Would you please repeat, word for word, only the lines from the one holding "Brooks Bodysuit" through the one holding "长宏网 痛心！徐州3名孩子失联后遗体在河中找到，其中包括一对姐弟" in the material below, without the pictures?

>>>

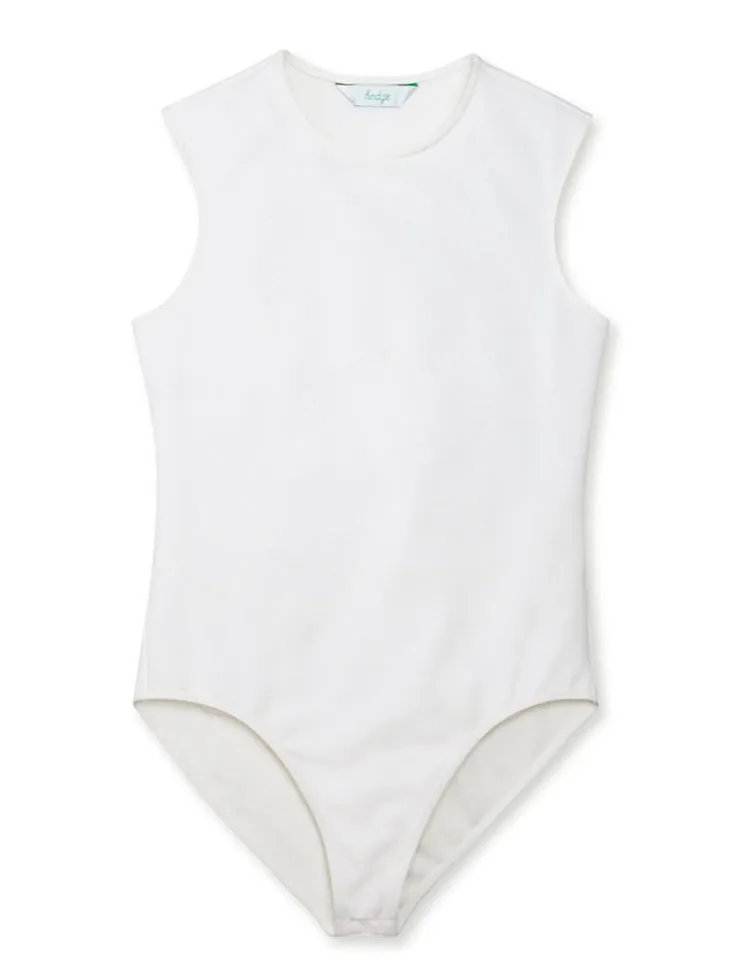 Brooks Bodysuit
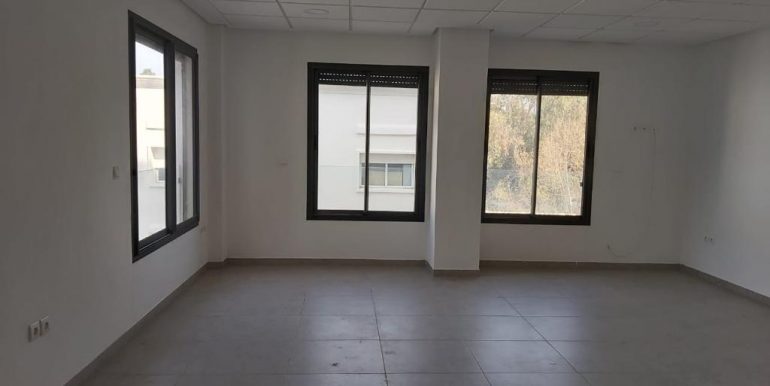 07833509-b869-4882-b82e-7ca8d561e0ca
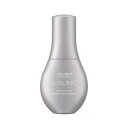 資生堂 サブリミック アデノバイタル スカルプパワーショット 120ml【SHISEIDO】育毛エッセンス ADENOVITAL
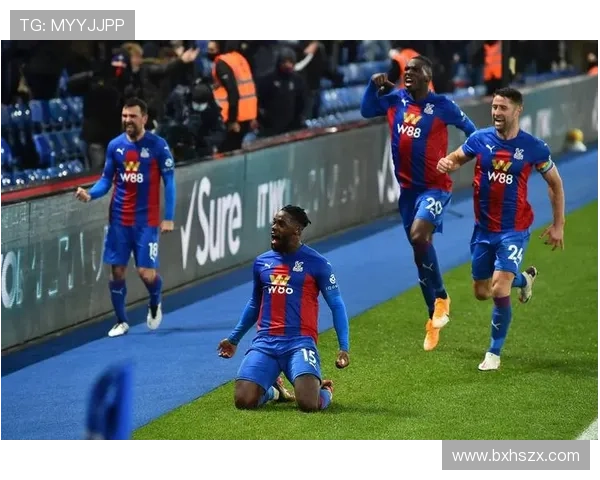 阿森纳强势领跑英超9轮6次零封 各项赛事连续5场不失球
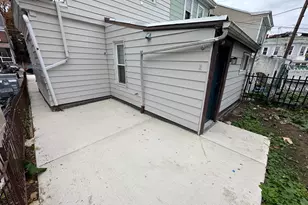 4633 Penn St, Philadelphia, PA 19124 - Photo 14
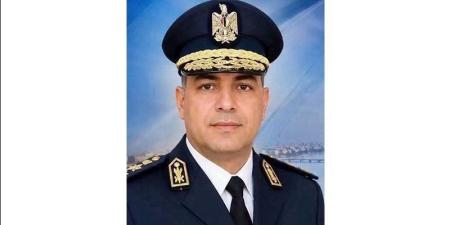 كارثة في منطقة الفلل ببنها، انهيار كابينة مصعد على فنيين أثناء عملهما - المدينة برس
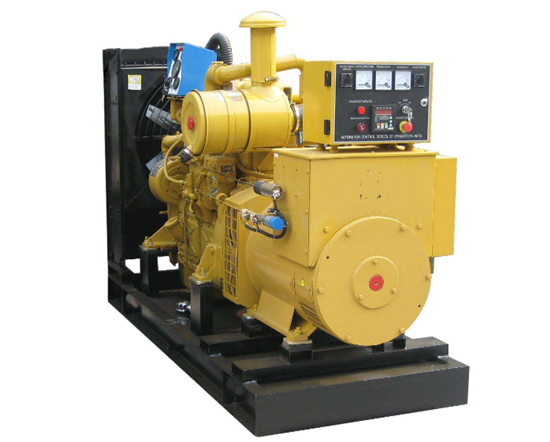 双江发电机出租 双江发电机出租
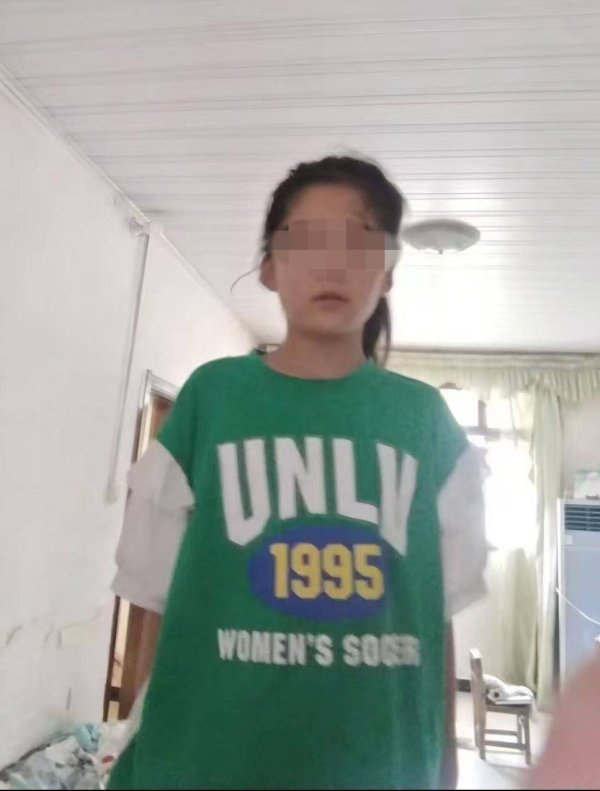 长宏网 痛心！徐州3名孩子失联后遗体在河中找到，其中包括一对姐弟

<<<
>>>

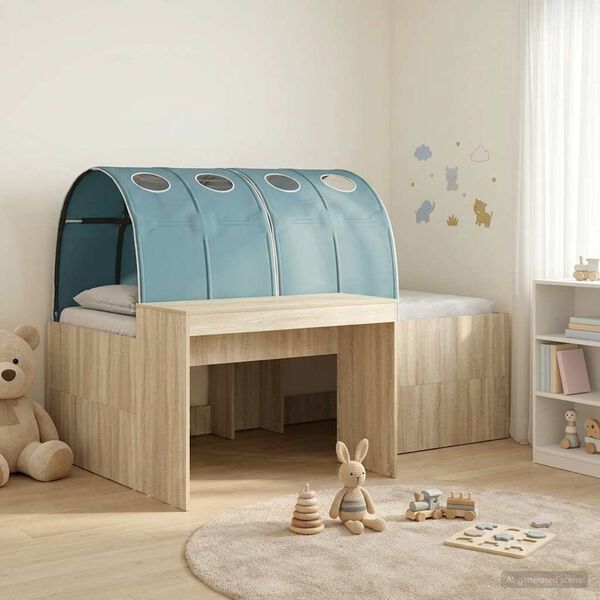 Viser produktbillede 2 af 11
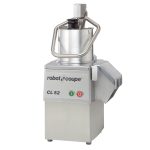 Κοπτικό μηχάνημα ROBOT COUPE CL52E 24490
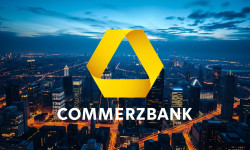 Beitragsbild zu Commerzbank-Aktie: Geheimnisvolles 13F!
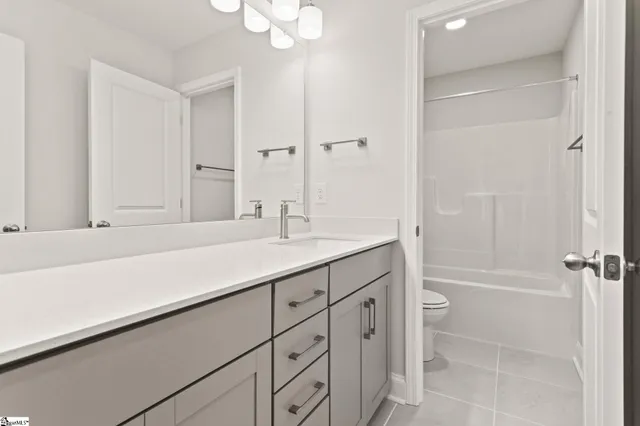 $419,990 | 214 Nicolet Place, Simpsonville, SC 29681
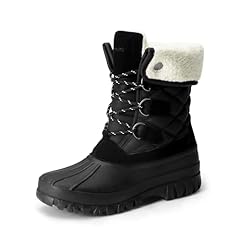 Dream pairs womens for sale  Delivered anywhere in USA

<<<

■ Result
 Brooks Bodysuit
 07833509-b869-4882-b82e-7ca8d561e0ca
 資生堂 サブリミック アデノバイタル スカルプパワーショット 120ml【SHISEIDO】育毛エッセンス ADENOVITAL
 阿森纳强势领跑英超9轮6次零封 各项赛事连续5场不失球
 4633 Penn St, Philadelphia, PA 19124 - Photo 14
 كارثة في منطقة الفلل ببنها، انهيار كابينة مصعد على فنيين أثناء عملهما - المدينة برس
 双江发电机出租 双江发电机出租
 长宏网 痛心！徐州3名孩子失联后遗体在河中找到，其中包括一对姐弟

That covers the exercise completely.